A handful of Kalifornsky residents gathered last week to discuss forming of a Kalifornsky Advisory Planning Commission.
Bruce Wall, a planner with the borough, helped facilitate and answered questions at the meeting, which took place at the Betty J. Glick Kenai Peninsula Borough Assembly Chambers on Wednesday.
The idea of forming the commission came from area resident, Robin Davis, who petitioned the borough after he and his neighbors decided to oppose a borough land sale in his neighborhood.
“Many of the neighbors in my neighborhood were taken by surprise by one of the borough land sales and it had a potentially very negative impact on us,” Davis said. “At the last minute we were able to divert that, but through that process we realized we didn’t have a voice in the planning commission.”

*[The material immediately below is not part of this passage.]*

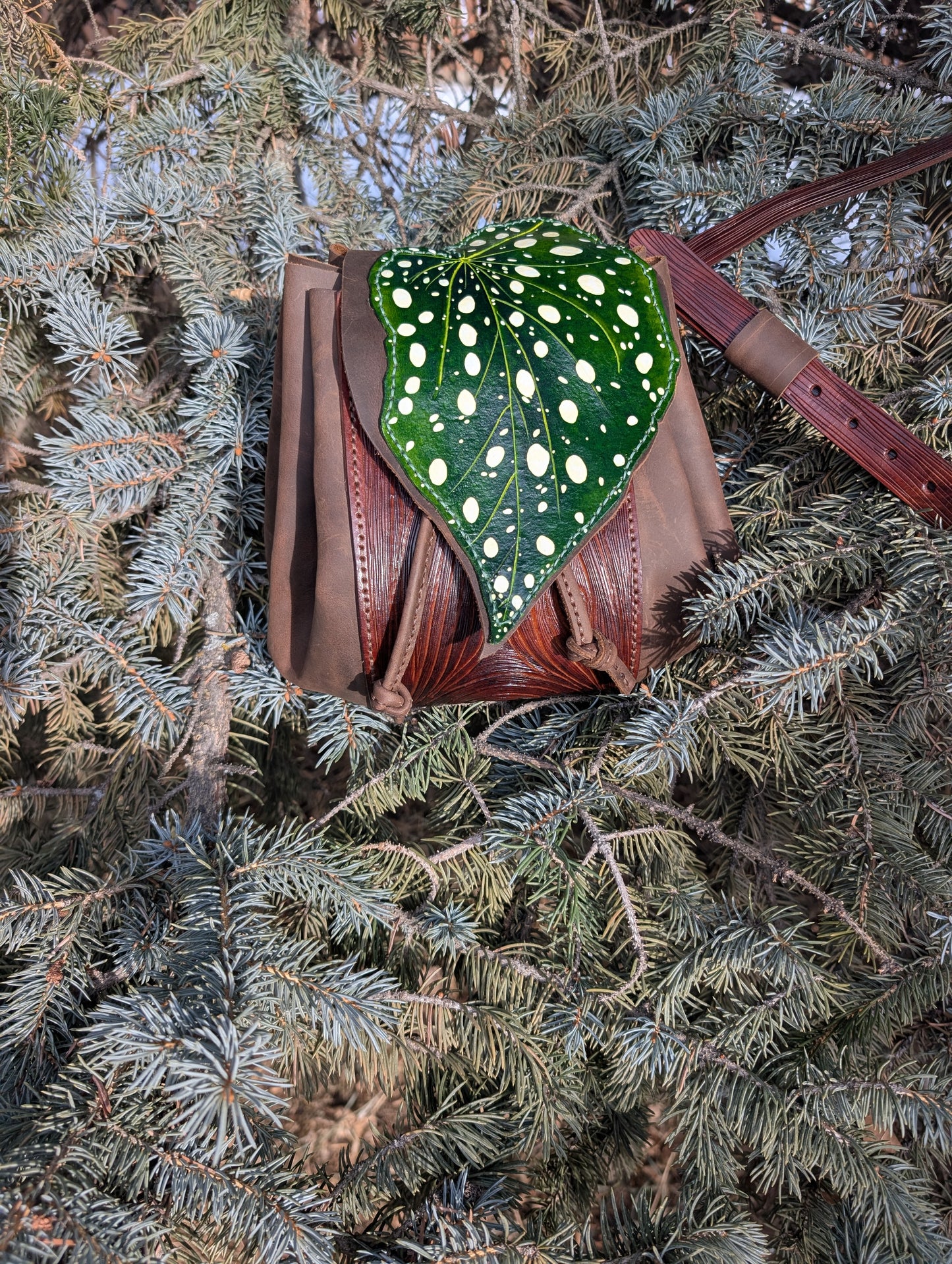 Handmade Leather Begonia Maculata Leaf Crossbody Purse (Full Grain & Tooled Wood Grain) - Handmade in Canada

Davis said one his neighbors suggested the community create an advisory planning commission as a way to have a voice in how their neighborhood is affected.
“We don’t have a voice feeding the planning commission,” Davis said. “We felt like we needed that voice. We’re complex. We’ve got industry and agriculture. We got residential areas and businesses. We got it all. So we need a voice. We haven’t had it.”

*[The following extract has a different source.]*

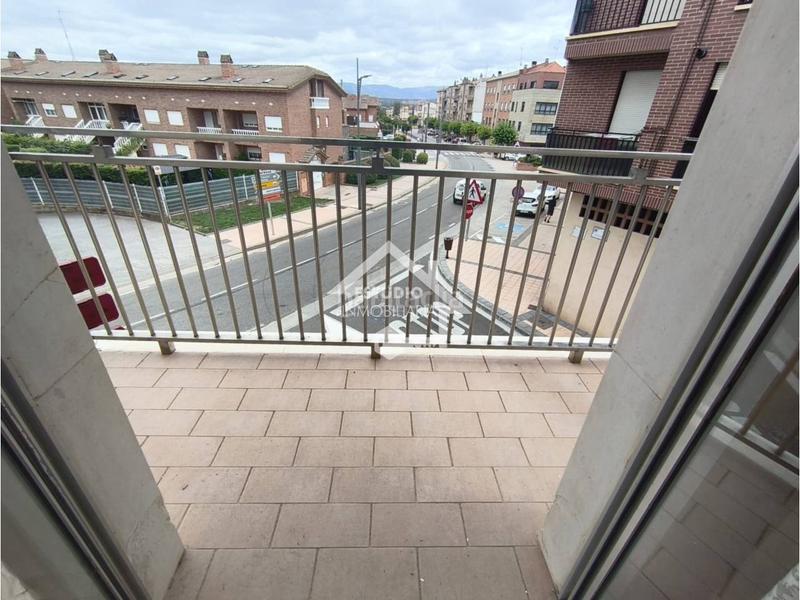 Foto e8cfea91-25dd-4720-8dbc-cbaa44a899c7. Pis amb calefacció aparcament a Navarrete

The petition to create the commission requires 20 signatures. Davis said he gathered 27.
The borough has four active advisory planning commissions — in Moose Pass, Cooper Landing, Anchor Point and Hope. There are also two inactive advisory planning commissions, one in Funny River and one in Diamond Ridge.
“Where we have those (advisory planning commissions) it works (well) because it provides an additional avenue of input to the borough and their land management decisions,” Wall said.
Advisory planning commissions are established to provide an additional way for community members to participate in land use planning activities. The commissions help advise the borough on borough-owned lands.
“Basically, we just want people involved in their community to help shape how that community develops,” Wall said.
The borough used the census-designated place boundaries for Kalifornsky — covering most of Kalifornsky Beach Road down and then down toward Kasilof — to help shape the boundaries the commission might take.
Now that the community meeting has taken place, the planning director will finalize the commission’s boundaries and send to the borough planning commission for public comment. If approved by the planning commission, an ordinance to officially create the commission will be seen by the borough assembly.
Wall said residents could see a call for community members to join the commission around this fall.
Davis said he hopes the commission leadership would include a diverse group of Kalifornsky residents — from business owners, farmers, homeowners and industry members in the community.
“We want people on there who care about how the community develops,” Wall said.